1. Como foi a repercussão na mídia da sua edição de CANTARES, 2007, editora escrituras?

R. Foi muito boa e a edição está praticamente esgotada. Esse livro marcou, em 2002, meu retorno à poesia depois de 30 anos de total afastamento da literatura. Voltei ao Brasil em meados de 72, numa fase aguda da repressão política, obrigando-me a ficar muitos anos no total anonimato social e literário. Tudo isso me desmotivou a escrever e somente voltei à poesia na primavera de 2002. provocado por um fato meramente circunstancial. Cinco anos depois lancei o livro Cantares, retratando na sua primeira parte a importância que o mar teve em minha infância, um lírico resgate de uma fase extraordinária de minha vida. Voltando à pergunta quero dizer que sua repercussão na mídia foi a melhor possível, seja pela credibilidade dos comentários, entrevistas e resenhas, mas sobretudo porque todos os poemas do livro estão publicados em vários blogues nacionais e alguns internacionais.

 


3 Respostas

  1. Já disse diretamente a ele, muitas vezes; portanto, não estou fazendo crítica negativa: prefiro o Manoel de Andrade lírico, com todo os respeito por sua história de cavaleiro andante de uma cruzada utópica.

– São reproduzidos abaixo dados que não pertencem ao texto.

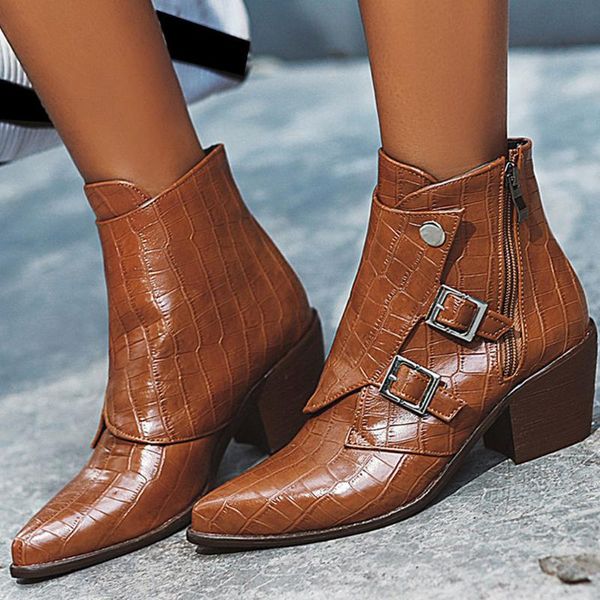 dress shoes women winter boot ladies ankle boots square heel pointed belt buckle toe short woman botas mujer#g3, Black
dress shoes women winter boot ladies ankle boots square heel pointed belt buckle toe short woman botas mujer#g3, Black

Sua poesia política é uma flecha que dele sai em busca de alvos racionais e talvez quiméricos. Já seu lirismo é jorro de espírito, de dentro, da pura emoção, de realidade incontestável. Não necessita de expansão metafórica para bradar ideias, apenas deixa brotar a palavra simples para recordar e contar as histórias que os olhos de menino gravaram. Mas também aceito a dualidade, que faz dele, sem dúvida alguma, um grande poeta.

  2. Bom para a literatura, otimo para a poesia a volta de Manoel de Andrade.
    Sua entrevista mostra o quanto o mundo literario ganhou. Poeta moderno que escreve sobre a atualidade sem entretanto esquecer suas raizes. Parabens.

  3. A poesia revolucionaria de Manoel de Andrade é um retrato comovente de uma fase historica do nosso continente, e readquire destaque no atual contexto de reabertura de arquivos ditatoriais, contribuindo para que a historia dos paises latinoamericanos seja reescrita. Nesse contexto, aguardamos ansiosamente a publicaçao das suas “Memorias” para ler seus relatos dessa época, dessa vez em forma de prosa.